In your example, the thing that scares me most is the downstream, like you mentioned. I don't see a single negative to every delivery truck being an EV; mail, packages, shelf-stocking, logistics. However, reserving oil-products/diesel for exclusively-heavy lifters would be horrendous: I'm trying to imagine how much it'd cost to excavate and prep land for a residential build if the larger machines were the main and only consumers of fuel. As if housing prices aren't high enough now!

I think I disagree with the refinery/infrastructure POV, though. Plenty of previously-booming infrastructure and business has dried up; when's the last time you went into a vacuum repair store? (Obviously a low-brow example, but a just one.) How much longer will the car dealership model continue to be a smart real estate investment as more and more manufacturers move to partial online sale offerings? Growing pains are growing pains but the world's still spinning.

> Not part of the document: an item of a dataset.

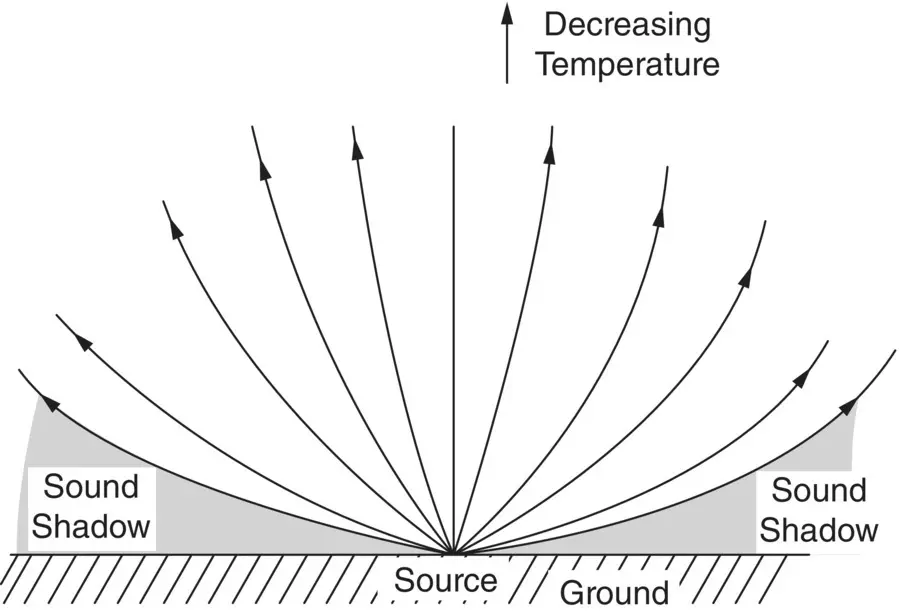 Figure 315 Refraction of sound in air with normal temperature lapse - фото 328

I think we all know how it's going to go. Promised, "hard" deadlines that get pushed further and further to the right every 5 years; but it's these looming, truthfully soft deadlines that drive innovation toward better battery technology, range improvements, EV tire technology, etc; one might argue that without a deadline (even a fake one), no one would push the envelope without huge financial benefits, which EVs are not, currently.
The free market is the best force for creation of new and better products, not government mandates. That's how all this started, with CARB.